The most impressive features are on the edges of the limestone plateaus, where dozens of quarries were grouped together. They are scattered over an area of 50 square km. A helium balloon was used to take hundreds of aerial photographs.
The photographs reveal the extensive historical exploitation of the largest flint source in South Asia. They also accomplish a second purpose.
Many of the structures which had lain undisturbed for millenia are now being destroyed or damaged. These sites are currently extensively exploited by Baluchi workers as raw material for road construction.
The enormous scale of flint mining during Harappan times suggests complex systems of organization. Perhaps seasonal workers from Baluchistan worked the flint mines during the winter. Flaked cores and other debris testify to a sophisticated manufacturing process and the export of raw material.

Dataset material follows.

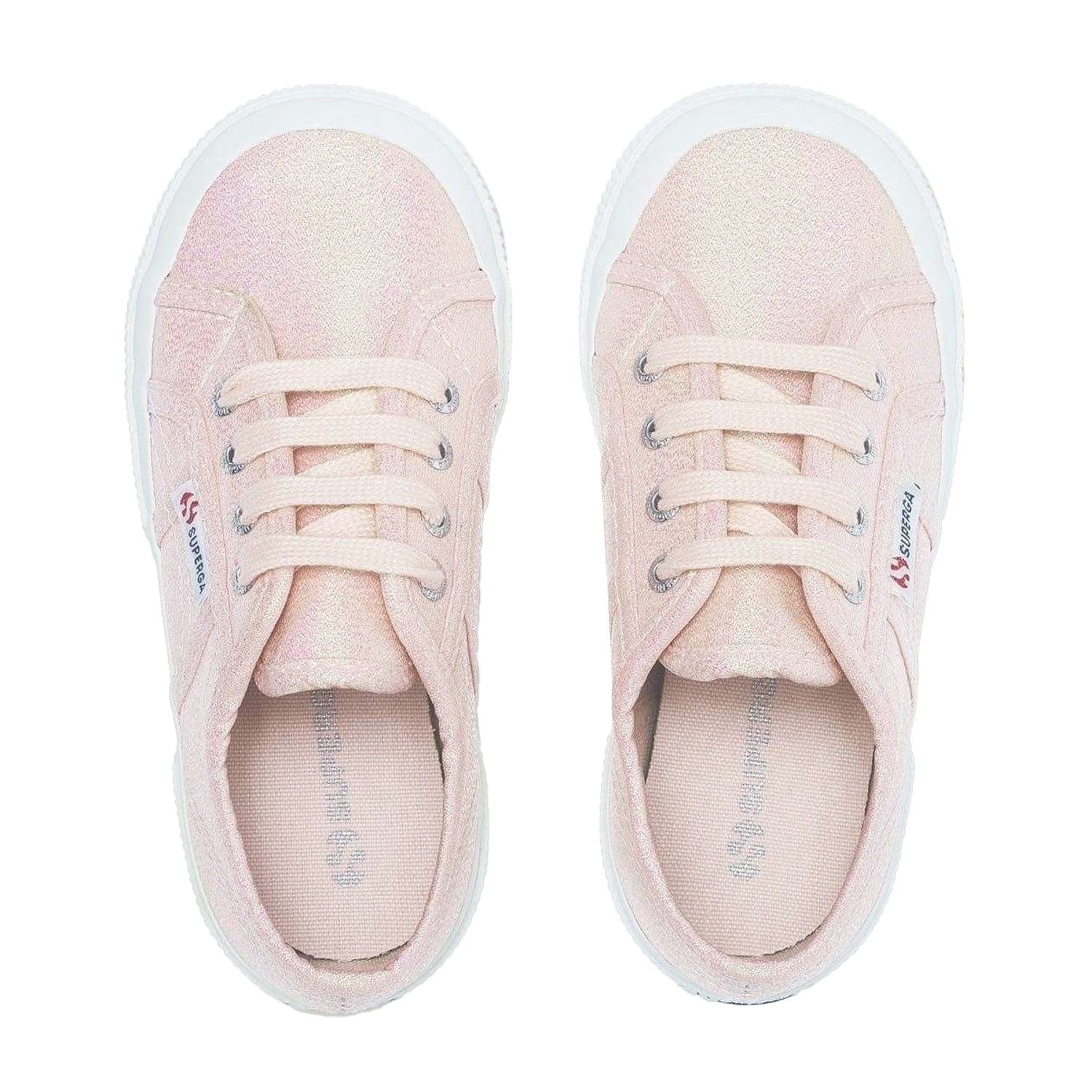 Pink Ish Iridescent - Side - Superga Childrens-Kids 2750 Lamej Metallic Flat Shoes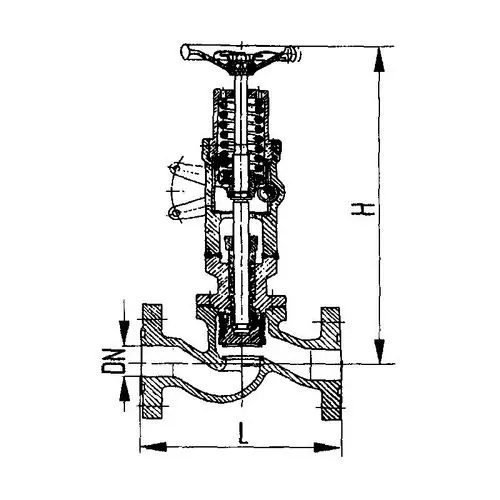 Фланцевый проходной быстрозапорный судовой клапан с тросиковым приводом с ручным управлением 521-0321 ИТШЛ.49211502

A survey In February 1997 turned up several late Paleolithic workshops full of flint flakes and bladelet cores and other objects. The Acheulian workshop ZPS1 was excavated. The relationship of these Paleolithic materials to Indus artifacts remains to be understood.
How was this flint used during the Indus Civilization? The earliest excavations at Mohenjo-daro turned up flint blades and cores in residences. They could have been used to start fire and prepare food. There is clear evidence for the use of flint in the manufacture of stone and shell jewelry and weights.
However, flint and its uses has typically been neglected by early excavators. A few hundred flint from Mohenjo-daro pale in comparison with the billions of flint flakes in the hills. Flint could have played a religious or ritual role (although contrary to common misconceptions, there is no real evidence for fire worship).
A great deal needs to be learned about the ancient use of flint. What is certain so far is that flint and associated enterprises must have been a major economic element of the Indus Valley period and earlier. Flint from the Rohri mines is also been found at the nearby pre-Indus Culture site of Kot Diji.
The Rohri Hills Project 1993-1998 was undertaken to start answering some of these questions. The investigation of the flint quarries is really only just beginning. The aim is to learn more about the unknown internal flint trade in the ancient Indus Valley.
The results will also greatly increase our knowledge of the earliest human industrial activities. The presence of Paleolithic workshops from different periods indicates that the production of flint played a role in the early development of the human species, as well the birth of the first nearby cities like Kot Diji and Mohenjo-daro.